Last Friday, mum burst into tears when I arrived at the care home. She was upset about not being able to pay for lunch, having accumulated debts, and having to rely on others. Lunch is included and she’s not in debt, but yes, she is relying on others.
Through her tears, she explained that her parents had done their best, but there was never much cash. Money has been a lifelong concern and preoccupation for my mother, as for many of her generation, growing up as they did during the second world war and a time of rations. According to Contented Dementia, mum would have been scrambling through her ‘photograph album’ looking for memories from her past to help make sense of her current situation.
Money worries and escape attempts
These days mum gets anxious at lunchtimes. Her fear that she doesn’t have enough money to pay for lunch sometimes triggers other feelings and vulnerabilities. I created a lunch voucher for her to hand over to staff to avoid the issue of money altogether. The staff played along taking her voucher as ‘payment’, but this clearly hasn’t worked.
Several times recently, and this may be related to her distress at lunchtime, mum has tried to escape from the care home. She has tried to force the doors open, and has pushed away anybody who attempted to stop her. Twice she has succeeded in slipping out unnoticed as unsuspecting visitors have arrived. Once she found the normally locked garden gate open, so she simply walked out!
On hearing about Contented Dementia, and doing the Family & Friends Introductory course last June, I continue to be hopeful that this approach may offer a solution for mum. It has already helped, but I have yet to develop the elusive formula. The Contented Dementia method relies on a family member developing a profile of their loved one based on close observation. See the Contented Dementia Trust’s description of this process.
For my mum’s profile, I need to discover what she is most concerned about, the responses that will allay her concerns, and the primary themes of her life. Following this, it should be possible to develop a care plan or ‘Passport’ involving phrases and activities, that if replicated accurately and repeatedly by the care staff, should help to keep mum calm throughout the day. In this short film, Pippa explains how she used the method to get her sister to take a shower, something she had been wholly opposed to. Once she had found what worked the care staff were able to use the same strategy successfully.
My efforts to develop the Passport
I had an initial go at setting up mum’s own Contented Dementia passport about nine months ago. The care home management and staff, and the local hospital consultant psychiatrist and occupational therapist have all played a role, supporting my sister and I in implementing the Passport.
I thought things were working quite well until five months ago. Since then, mum has been getting more and more agitated when my sister and I are not with her, and sometimes even when we are.

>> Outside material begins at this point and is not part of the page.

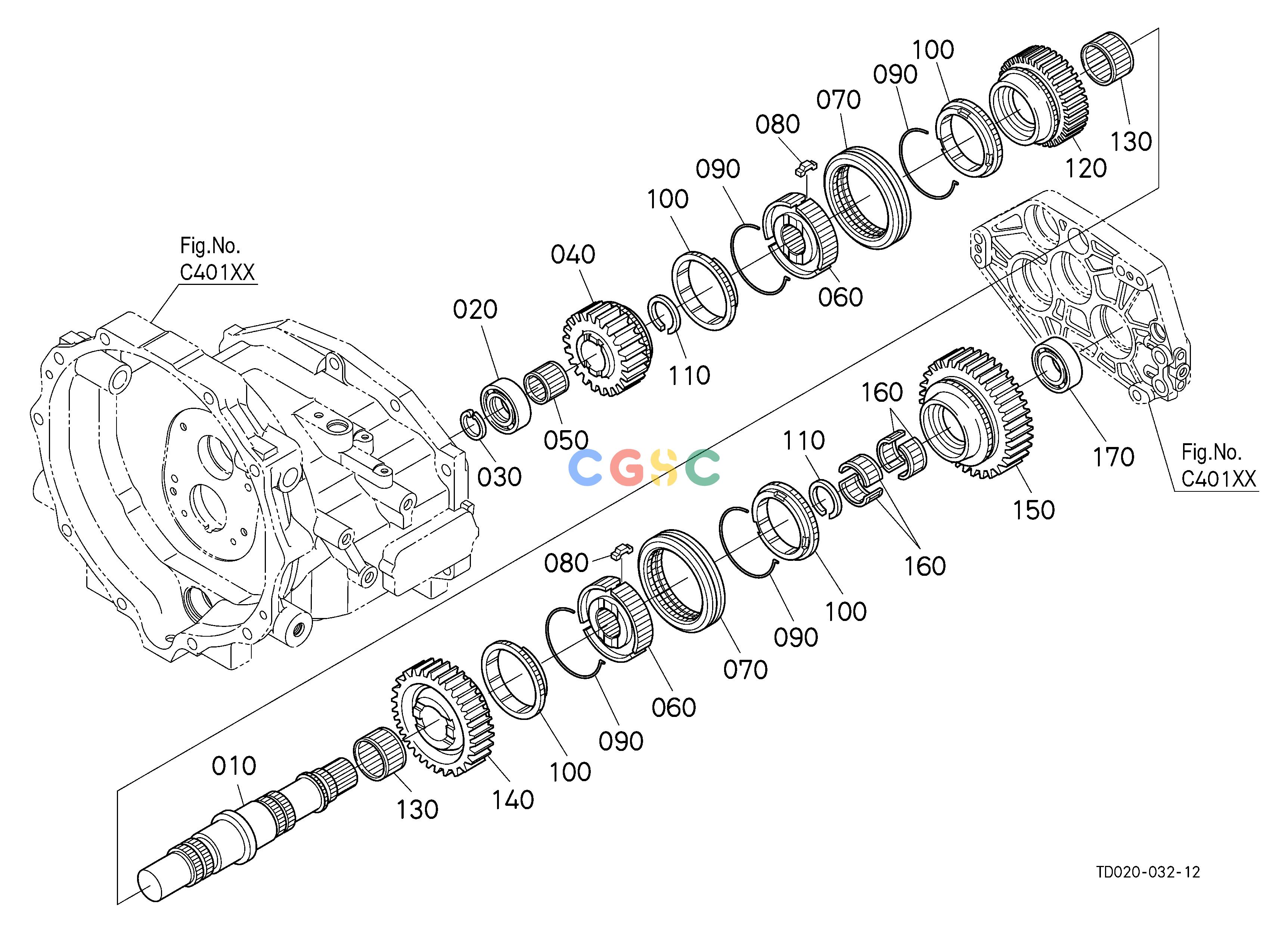 久保田零件查询D10502 COUNTERSHAFT [GST TYPE] CLUTCH/TRANSMISSIONEPC Kubota online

Based on advice from Penny Garner, the inventor of Contented Dementia, I am going back to basics in order to refine mum’s Passport. My current priority is to identify what she is most concerned about, and then find responses she is most satisfied with. Although we have some ideas around money concerns, we haven’t found a way of pre-empting the lunchtime anxiety and distress.
Observe and track
To do this, I need to make a note of all the questions mum asks, because behind those questions lies clues about what is making mum anxious. Once the top questions are identified I then need to monitor how often she asks them until I know her top three to five questions. After this, I should try different responses to each of her top questions, and assess her reaction to each on a scale of one to ten, until I find an answer that works and that she is comfortable with every time.
Finest hour stories
I also need to find mum’s ‘finest hour stories’ for each of her ‘primary themes’. Primary themes are the main elements that make up her life experience and identity. So, for mum her primary themes are church, nursing (and caring for others), money, family etc. These are then plotted on an interconnected web diagram. For each of the key themes, I aim to find mum’s ‘finest hour’ stories, and identify which of these is the most significant.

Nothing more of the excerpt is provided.